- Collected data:
= Beginning of Section =
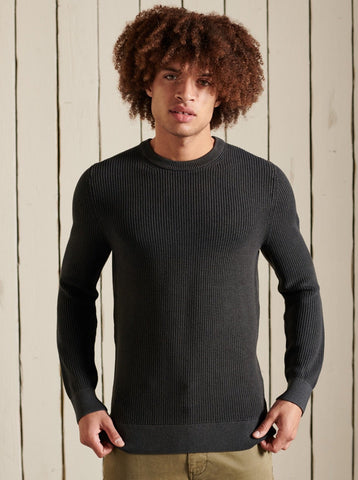 Superdry Academy Dyed Textures Crew - Washed Carbon Black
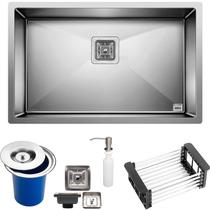 Cuba Quadrada Inox 304 Cozinha Pia Embutir Sobrepor Gourmet 75x45 Premium Com Lixeira Embutir 5 Litros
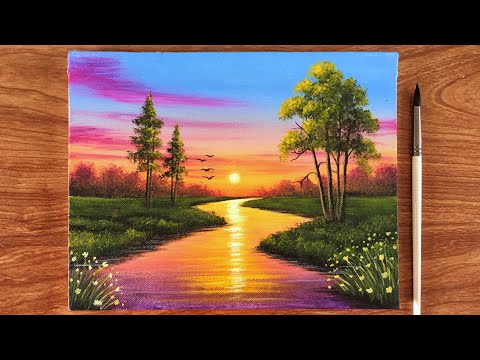 Peaceful Sunset Scene Painting on Canvas | Acrylic Painting for beginners | Canvas Painting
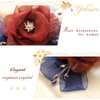 Yokawe Flower Hair Barrettes Bridal Wedding Hairpin Organza Flowers Hair Clips Crystal Prom Hair Accessories for Women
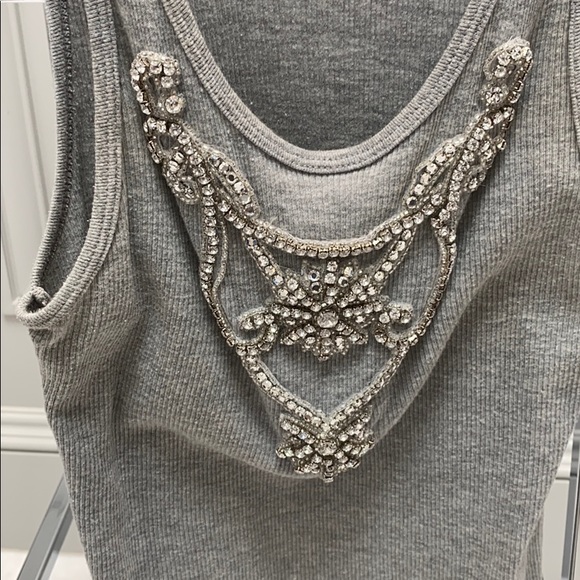 MICHELLE ROY LOS ANGELES RHINESTONE GRAY TANK-TOP - Picture 2 of 5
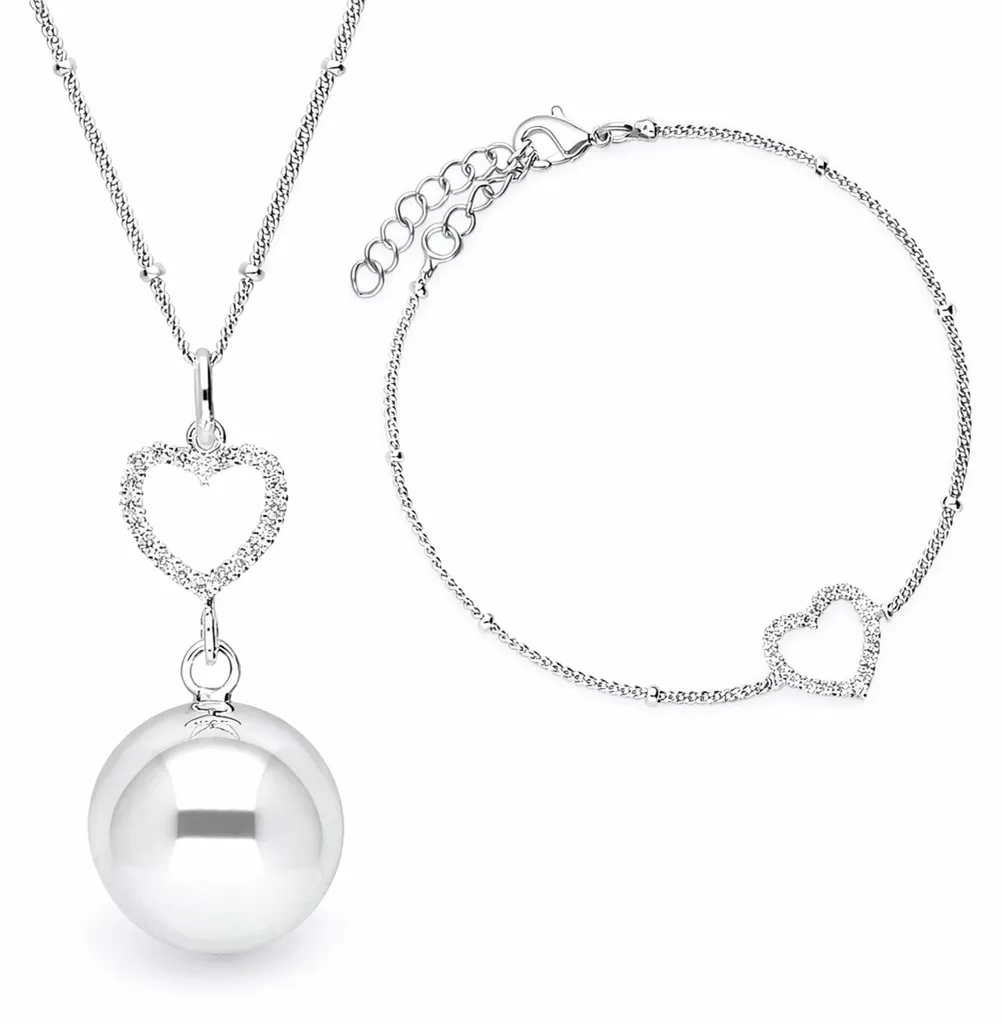 Bandeau Bola Roller avec bracelet Crystal Heart en argent véritable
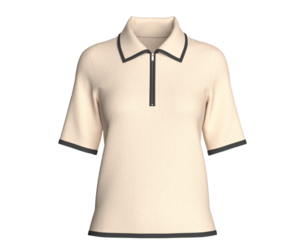 Girls Ribbed Half-Zip Polo Shirt | Marvelous / Clo3d / obj / fbx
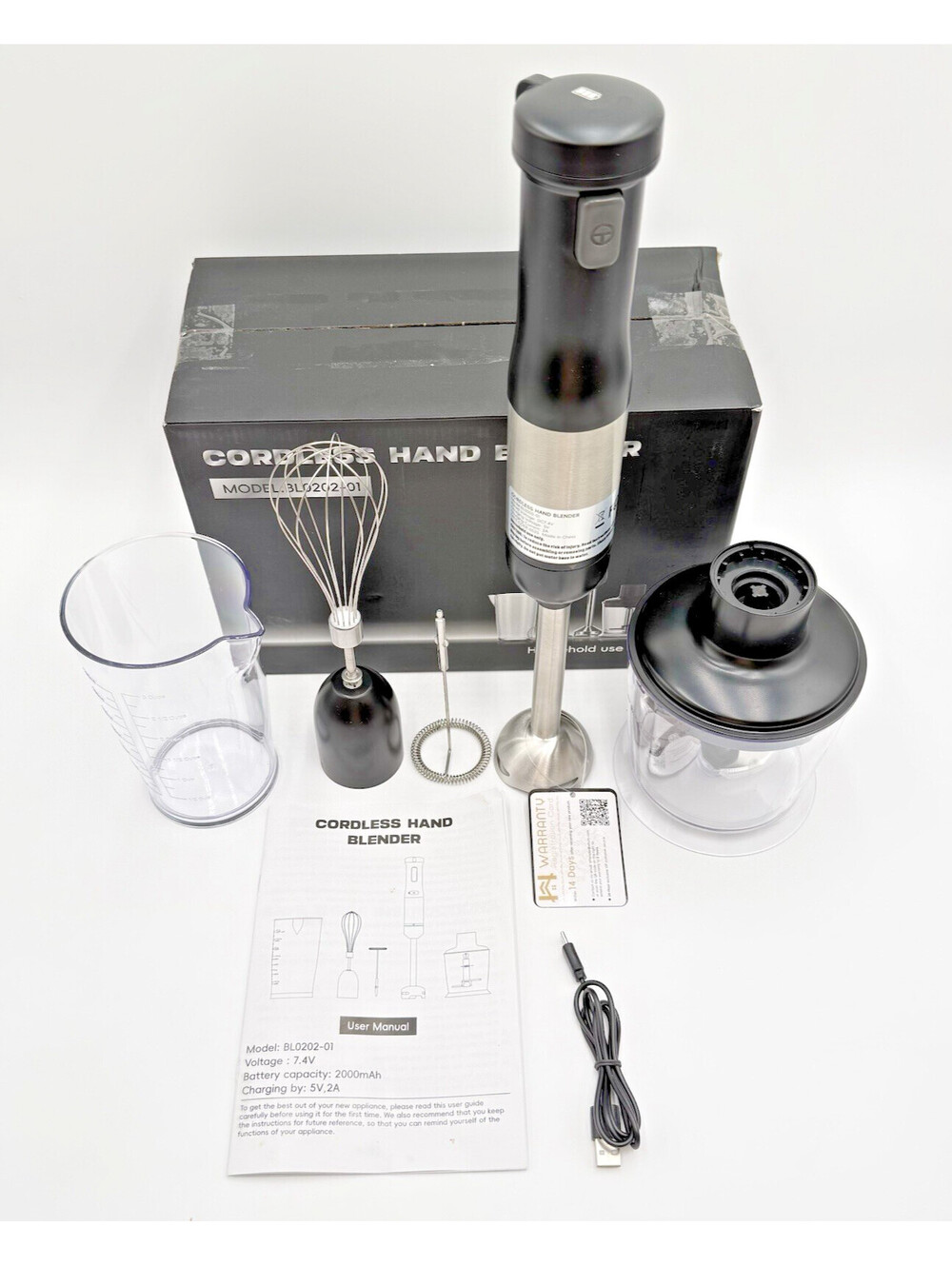 Cordless Hand Blender with Whisk and Chopper Attachments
= End of Section =
- What you have to do: Copy all of the data above exactly. Leave out every picture.

- Task solution:
 Superdry Academy Dyed Textures Crew - Washed Carbon Black
 Cuba Quadrada Inox 304 Cozinha Pia Embutir Sobrepor Gourmet 75x45 Premium Com Lixeira Embutir 5 Litros
 Peaceful Sunset Scene Painting on Canvas | Acrylic Painting for beginners | Canvas Painting
 Yokawe Flower Hair Barrettes Bridal Wedding Hairpin Organza Flowers Hair Clips Crystal Prom Hair Accessories for Women
 MICHELLE ROY LOS ANGELES RHINESTONE GRAY TANK-TOP - Picture 2 of 5
 Bandeau Bola Roller avec bracelet Crystal Heart en argent véritable
 Girls Ribbed Half-Zip Polo Shirt | Marvelous / Clo3d / obj / fbx
 Cordless Hand Blender with Whisk and Chopper Attachments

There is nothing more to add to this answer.